**Task item**
With pictures left out, please repeat word for word the lines from the one containing "an old book" through the end of the records.

##### Data shown

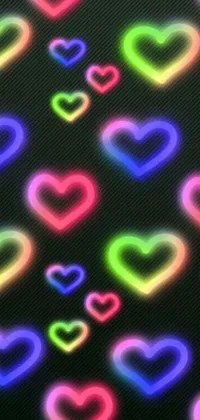 This phone wallpaper features a stunning display of multiple neon hearts on a black background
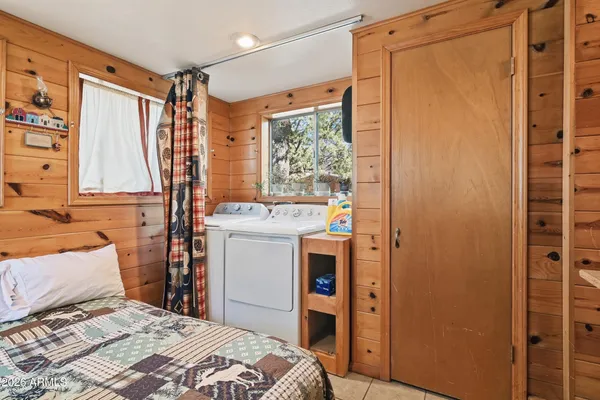 a bedroom with a bed and a dresser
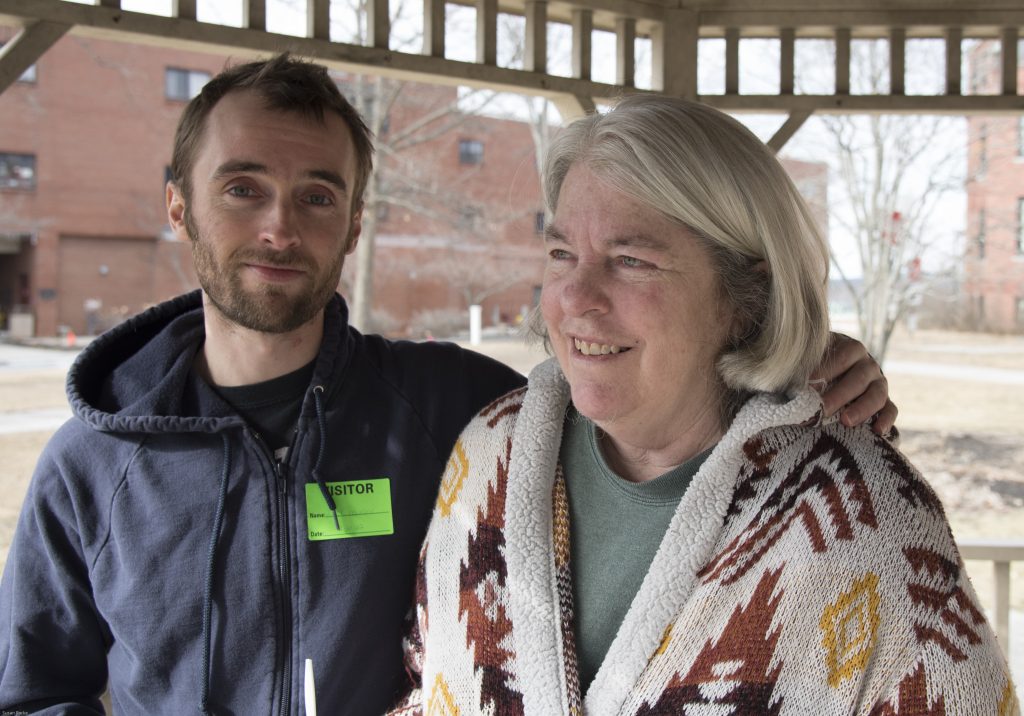 zach and his mother, terry, outside for a walk.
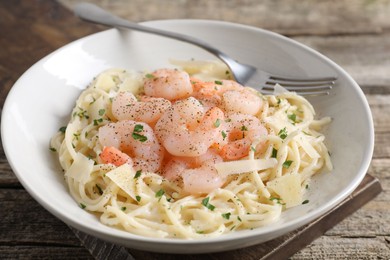 Photo of Delicious pasta with shrimps and cheese on wooden table, closeup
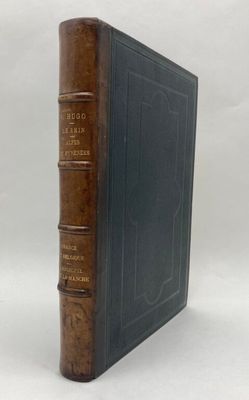 an old book sitting on top of a table next to a white background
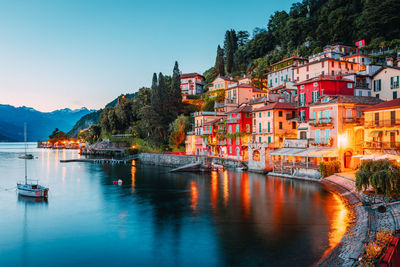 Buildings by river against clear sky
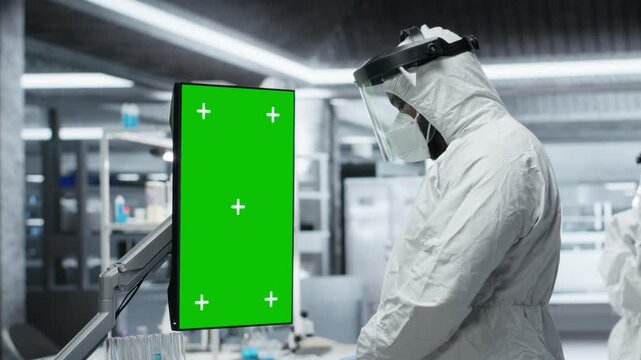 Doctor In Hazmat Suit Examining Patient With Green Screen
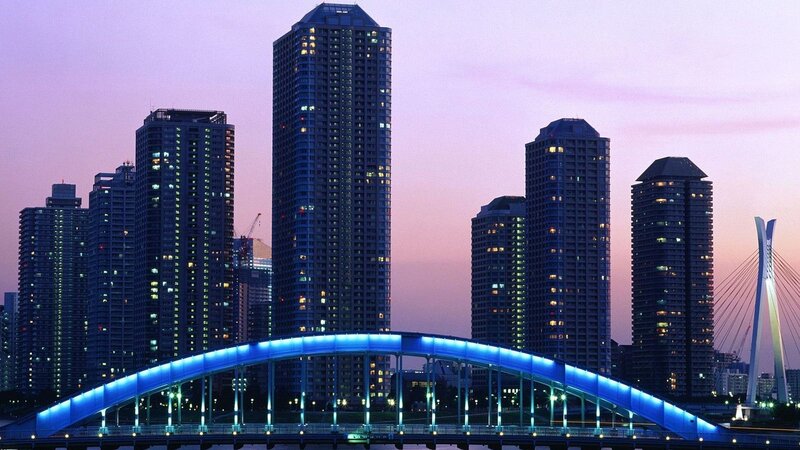 City skyline at dusk with illuminated bridge
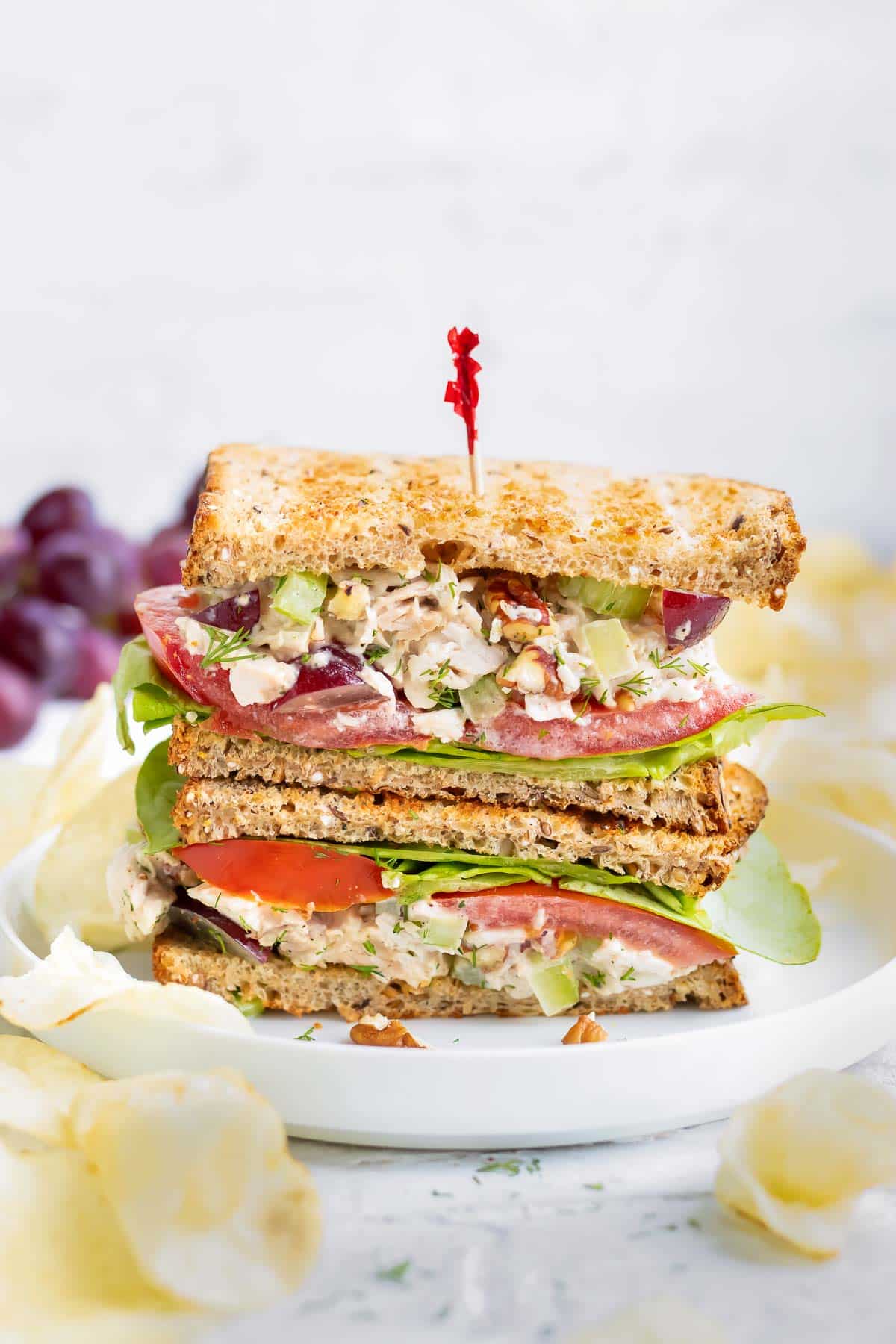 Healthy chicken salad recipe on toasted white bread in a stack on a white plate.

##########

**Task result**
 an old book sitting on top of a table next to a white background
 Buildings by river against clear sky
 Doctor In Hazmat Suit Examining Patient With Green Screen
 City skyline at dusk with illuminated bridge
 Healthy chicken salad recipe on toasted white bread in a stack on a white plate.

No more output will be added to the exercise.